過去になされた文化財・近代化遺産構造物を含む歴史的建造物の調査・診断・修復・補強事例を系統的に整理し、普遍的な課題を抽出するとともに問題点を明らかにする。
国内外の歴史的建造物の調査研究を通して、劣化現象と修復方法を整理し、調査・診断・補修・補強方法の問題点(課題)を明確にする。
課題の明確化1,2に基づき、耐久性向上技術と補強技術について、補強効果、施工精度、景観、耐久性、傷害程度、オーセンティシティ、可逆性、経済性などの観点から評価を行う。
光学的計測技術や削孔ドリル法、ASTM、RILEM TC 127-MSで規定されているフラットジャッキ、微動観測やモニタリングなどの非破壊・微破壊検査技術を組積造・RC造の歴史的建造物に適用し、その有効性や適用範囲を評価、検証する。
材料の劣化現象、特に塩析出による劣化原因と実態の把握のため、内外の環境計測、材料の水分状態の計測、塩の採取分析、材料の水分移動特性を測定する。
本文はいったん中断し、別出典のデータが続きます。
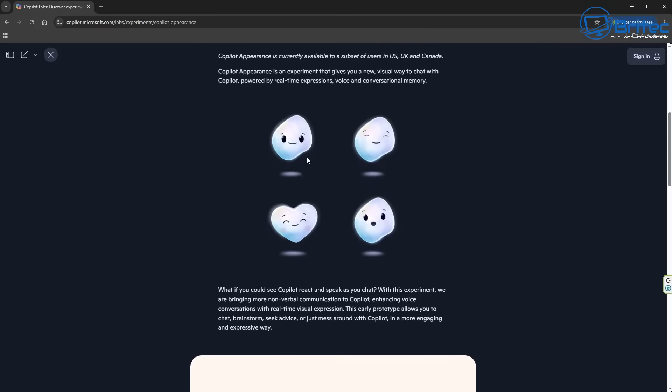That's something that Microsoft have always done. They did it with Clippy and a few other characters inside Office. You used to get those little characters, and I'll show you that in a second. But basically, I think it's just a way to try and entice people to use Copilot more.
材料の化学的分析や材料実験により、材料の劣化メカニズムと将来予測、劣化抑制材料や表面保護の方法を検討し、補修材料の暴露試験や促進耐候性試験に基づく有効な補修方法を提案する。
モニタリングにより補修・補強効果を検証する。
劣化現況調査・診断と環境実験・材料実験・構造実験、構造解析による構造特性・耐震性能の評価、モニタリング結果に基づき、オーセンティシティを確保した上での具体的な材料の補修や構造補強方法の提案(開発)とガイドラインを作成する。
剛体バネモデルを用いて、材料が乾燥・温度変化を受けた場合にコンクリートの影響を考慮できる、部材性能評価方法を構築しています。
せん断補強筋が腐食を受ける場合の基礎研究として,腐食によりせん断補強筋-コンクリート間の付着が失われる場合の力学特性の変化について検討する。
本研究では、コンクリート造の歴史的構造物に対して、オーセンティシティ確保のための外観の変化を抑制したり、調整することの出来る補修技術を提案する。
本研究プロジェクトにおいては、歴史的建造物の補強前後の構造性能を評価する理論的・解析的手法を開発している。
国内外の歴史的建造物に加速度計、変位計、傾斜計、温湿度センサーなどを取り付けモニタリングすることにより、補強前、補強途中の構造的安定性と補強後の補強効果、補修効果を検証する。
歴史的建造物の経済価値を考慮した地震損失評価に基づく当該建造物の供用計画(事業継続計画)策定に資する,構造物の保存再生方法を合理的に選択するための性能評価システムを構築する。